-- Data for this task follows --

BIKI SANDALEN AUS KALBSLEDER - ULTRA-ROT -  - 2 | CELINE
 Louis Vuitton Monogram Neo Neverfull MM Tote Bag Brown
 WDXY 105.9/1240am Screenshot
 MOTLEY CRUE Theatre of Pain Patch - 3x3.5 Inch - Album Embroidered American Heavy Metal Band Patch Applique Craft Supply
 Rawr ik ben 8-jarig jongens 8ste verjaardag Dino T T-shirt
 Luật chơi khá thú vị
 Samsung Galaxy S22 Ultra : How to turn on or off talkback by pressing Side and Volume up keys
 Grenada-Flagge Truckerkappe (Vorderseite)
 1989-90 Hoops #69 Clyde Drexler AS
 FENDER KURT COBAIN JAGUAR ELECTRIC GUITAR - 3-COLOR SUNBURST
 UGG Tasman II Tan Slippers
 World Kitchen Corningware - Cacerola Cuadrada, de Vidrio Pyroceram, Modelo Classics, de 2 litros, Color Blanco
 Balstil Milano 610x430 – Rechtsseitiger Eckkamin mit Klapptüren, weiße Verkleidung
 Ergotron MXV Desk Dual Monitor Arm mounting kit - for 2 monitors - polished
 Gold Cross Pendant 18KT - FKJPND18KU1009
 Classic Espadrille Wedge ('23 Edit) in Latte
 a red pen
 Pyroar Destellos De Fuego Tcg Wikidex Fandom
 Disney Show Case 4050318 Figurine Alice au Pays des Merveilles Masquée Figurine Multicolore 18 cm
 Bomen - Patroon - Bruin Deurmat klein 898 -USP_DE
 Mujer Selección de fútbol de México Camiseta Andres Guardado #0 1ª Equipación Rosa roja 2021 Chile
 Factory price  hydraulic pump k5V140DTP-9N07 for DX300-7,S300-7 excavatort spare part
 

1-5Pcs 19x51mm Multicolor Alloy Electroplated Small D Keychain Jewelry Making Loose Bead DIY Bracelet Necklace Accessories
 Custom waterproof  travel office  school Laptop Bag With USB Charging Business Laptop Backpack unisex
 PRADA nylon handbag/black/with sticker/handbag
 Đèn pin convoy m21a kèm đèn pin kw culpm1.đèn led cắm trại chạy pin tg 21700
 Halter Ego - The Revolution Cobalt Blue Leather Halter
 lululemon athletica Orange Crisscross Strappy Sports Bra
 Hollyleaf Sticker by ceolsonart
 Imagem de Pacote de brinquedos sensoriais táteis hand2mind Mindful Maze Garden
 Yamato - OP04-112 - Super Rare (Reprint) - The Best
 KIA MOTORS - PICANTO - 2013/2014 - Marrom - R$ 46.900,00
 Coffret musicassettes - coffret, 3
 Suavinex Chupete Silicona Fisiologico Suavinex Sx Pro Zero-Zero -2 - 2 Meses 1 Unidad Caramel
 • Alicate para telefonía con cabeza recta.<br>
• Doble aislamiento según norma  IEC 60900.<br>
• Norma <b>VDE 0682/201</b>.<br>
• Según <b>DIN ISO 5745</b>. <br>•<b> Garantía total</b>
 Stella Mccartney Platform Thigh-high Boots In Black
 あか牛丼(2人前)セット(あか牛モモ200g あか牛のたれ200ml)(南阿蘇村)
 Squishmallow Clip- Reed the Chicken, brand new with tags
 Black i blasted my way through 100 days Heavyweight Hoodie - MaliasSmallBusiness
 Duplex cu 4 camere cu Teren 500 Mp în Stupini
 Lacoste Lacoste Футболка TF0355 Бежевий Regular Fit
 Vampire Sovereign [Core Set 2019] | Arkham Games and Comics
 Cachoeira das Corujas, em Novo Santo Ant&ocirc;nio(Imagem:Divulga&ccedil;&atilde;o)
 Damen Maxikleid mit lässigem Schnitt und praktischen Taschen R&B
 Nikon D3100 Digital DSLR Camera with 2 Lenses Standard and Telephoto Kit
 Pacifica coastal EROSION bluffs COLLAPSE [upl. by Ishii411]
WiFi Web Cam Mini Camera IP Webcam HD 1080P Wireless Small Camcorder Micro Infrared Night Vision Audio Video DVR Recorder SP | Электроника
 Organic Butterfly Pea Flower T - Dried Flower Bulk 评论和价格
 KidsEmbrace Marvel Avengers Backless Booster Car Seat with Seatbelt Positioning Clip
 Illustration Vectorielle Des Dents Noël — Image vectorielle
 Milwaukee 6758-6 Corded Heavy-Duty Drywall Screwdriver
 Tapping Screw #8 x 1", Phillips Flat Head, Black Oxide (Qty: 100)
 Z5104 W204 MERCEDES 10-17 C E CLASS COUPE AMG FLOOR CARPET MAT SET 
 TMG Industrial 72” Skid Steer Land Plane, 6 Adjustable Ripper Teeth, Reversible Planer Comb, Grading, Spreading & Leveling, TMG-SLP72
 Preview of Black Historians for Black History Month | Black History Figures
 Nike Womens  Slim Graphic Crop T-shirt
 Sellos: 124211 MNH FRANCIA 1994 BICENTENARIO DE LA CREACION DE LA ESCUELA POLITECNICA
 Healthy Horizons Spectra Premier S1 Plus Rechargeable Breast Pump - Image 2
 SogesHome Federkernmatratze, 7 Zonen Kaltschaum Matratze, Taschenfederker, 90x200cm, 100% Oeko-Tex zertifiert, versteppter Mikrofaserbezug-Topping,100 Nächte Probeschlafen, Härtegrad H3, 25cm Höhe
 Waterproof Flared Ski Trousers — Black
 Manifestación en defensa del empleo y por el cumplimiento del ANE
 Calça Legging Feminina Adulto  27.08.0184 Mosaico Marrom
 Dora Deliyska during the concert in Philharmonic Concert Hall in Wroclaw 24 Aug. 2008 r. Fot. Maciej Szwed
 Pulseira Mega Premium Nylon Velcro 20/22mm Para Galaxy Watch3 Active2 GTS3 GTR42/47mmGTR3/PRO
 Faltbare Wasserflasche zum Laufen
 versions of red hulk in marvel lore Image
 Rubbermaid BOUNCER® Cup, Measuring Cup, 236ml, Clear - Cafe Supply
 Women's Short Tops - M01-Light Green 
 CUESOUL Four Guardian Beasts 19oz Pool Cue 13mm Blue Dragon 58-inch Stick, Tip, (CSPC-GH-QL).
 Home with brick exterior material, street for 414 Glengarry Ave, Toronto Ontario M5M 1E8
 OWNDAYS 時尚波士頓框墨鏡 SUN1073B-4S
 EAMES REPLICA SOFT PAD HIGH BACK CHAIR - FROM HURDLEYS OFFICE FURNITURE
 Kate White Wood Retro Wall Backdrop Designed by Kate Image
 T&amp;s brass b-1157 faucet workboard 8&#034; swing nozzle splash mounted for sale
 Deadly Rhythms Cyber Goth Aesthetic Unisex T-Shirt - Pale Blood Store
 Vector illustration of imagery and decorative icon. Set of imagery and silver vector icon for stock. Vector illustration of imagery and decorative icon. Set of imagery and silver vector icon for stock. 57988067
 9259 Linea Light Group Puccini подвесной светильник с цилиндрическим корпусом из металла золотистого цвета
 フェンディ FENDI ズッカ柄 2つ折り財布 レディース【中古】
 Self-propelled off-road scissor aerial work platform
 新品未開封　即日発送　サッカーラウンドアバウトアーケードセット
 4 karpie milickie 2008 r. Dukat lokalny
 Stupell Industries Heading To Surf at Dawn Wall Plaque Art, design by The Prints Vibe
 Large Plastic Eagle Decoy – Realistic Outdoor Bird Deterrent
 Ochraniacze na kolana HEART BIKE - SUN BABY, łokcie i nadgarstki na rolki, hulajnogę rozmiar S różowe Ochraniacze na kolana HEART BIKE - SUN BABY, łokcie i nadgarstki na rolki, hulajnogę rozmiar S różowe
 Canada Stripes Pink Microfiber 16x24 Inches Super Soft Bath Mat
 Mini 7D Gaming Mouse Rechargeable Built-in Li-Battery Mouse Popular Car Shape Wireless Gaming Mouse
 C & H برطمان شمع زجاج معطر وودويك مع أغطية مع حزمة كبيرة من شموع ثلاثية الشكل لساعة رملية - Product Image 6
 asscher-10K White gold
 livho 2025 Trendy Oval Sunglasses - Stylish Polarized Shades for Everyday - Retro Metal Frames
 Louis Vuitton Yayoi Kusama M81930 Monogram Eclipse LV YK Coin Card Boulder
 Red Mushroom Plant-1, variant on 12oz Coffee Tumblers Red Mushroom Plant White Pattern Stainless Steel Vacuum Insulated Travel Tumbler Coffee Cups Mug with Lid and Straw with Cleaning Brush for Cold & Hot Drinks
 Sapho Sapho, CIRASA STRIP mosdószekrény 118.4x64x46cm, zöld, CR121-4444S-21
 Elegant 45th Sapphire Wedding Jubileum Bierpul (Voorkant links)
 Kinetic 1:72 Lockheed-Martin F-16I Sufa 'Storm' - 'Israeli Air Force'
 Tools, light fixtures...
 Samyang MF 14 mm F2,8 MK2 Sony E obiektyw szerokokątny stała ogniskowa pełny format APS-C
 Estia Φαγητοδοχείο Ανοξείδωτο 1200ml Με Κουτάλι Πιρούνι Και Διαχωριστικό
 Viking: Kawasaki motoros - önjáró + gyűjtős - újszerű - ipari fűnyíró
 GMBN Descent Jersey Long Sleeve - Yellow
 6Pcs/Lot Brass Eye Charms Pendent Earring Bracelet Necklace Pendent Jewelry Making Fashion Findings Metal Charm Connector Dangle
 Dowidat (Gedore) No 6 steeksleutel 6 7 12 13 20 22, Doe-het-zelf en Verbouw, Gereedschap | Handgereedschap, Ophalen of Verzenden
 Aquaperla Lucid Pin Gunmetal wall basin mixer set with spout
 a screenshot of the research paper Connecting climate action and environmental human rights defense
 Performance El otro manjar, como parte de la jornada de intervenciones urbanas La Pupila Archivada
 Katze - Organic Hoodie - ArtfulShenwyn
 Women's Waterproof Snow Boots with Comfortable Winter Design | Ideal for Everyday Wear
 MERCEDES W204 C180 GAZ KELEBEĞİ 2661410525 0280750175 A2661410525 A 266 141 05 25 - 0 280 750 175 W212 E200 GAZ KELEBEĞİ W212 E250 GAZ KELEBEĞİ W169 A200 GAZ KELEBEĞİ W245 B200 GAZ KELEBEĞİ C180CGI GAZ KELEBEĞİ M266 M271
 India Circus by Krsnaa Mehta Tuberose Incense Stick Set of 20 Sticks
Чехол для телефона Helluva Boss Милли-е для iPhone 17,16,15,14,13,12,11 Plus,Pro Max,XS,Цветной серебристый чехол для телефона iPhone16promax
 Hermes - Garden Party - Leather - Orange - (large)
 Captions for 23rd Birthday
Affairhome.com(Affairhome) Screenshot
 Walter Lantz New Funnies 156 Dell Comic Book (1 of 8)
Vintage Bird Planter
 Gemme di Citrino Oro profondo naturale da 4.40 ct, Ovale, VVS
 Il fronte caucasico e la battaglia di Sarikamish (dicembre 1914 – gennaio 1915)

-- Data for this task concluded --

# The task
All lines above between those holding "あか牛丼(2人前)セット(あ" and "Organic Butterfly Pea", inclusive, must be set down unchanged, and no other line may be included.

# Final answer
 あか牛丼(2人前)セット(あか牛モモ200g あか牛のたれ200ml)(南阿蘇村)
 Squishmallow Clip- Reed the Chicken, brand new with tags
 Black i blasted my way through 100 days Heavyweight Hoodie - MaliasSmallBusiness
 Duplex cu 4 camere cu Teren 500 Mp în Stupini
 Lacoste Lacoste Футболка TF0355 Бежевий Regular Fit
 Vampire Sovereign [Core Set 2019] | Arkham Games and Comics
 Cachoeira das Corujas, em Novo Santo Ant&ocirc;nio(Imagem:Divulga&ccedil;&atilde;o)
 Damen Maxikleid mit lässigem Schnitt und praktischen Taschen R&B
 Nikon D3100 Digital DSLR Camera with 2 Lenses Standard and Telephoto Kit
 Pacifica coastal EROSION bluffs COLLAPSE [upl. by Ishii411]
WiFi Web Cam Mini Camera IP Webcam HD 1080P Wireless Small Camcorder Micro Infrared Night Vision Audio Video DVR Recorder SP | Электроника
 Organic Butterfly Pea Flower T - Dried Flower Bulk 评论和价格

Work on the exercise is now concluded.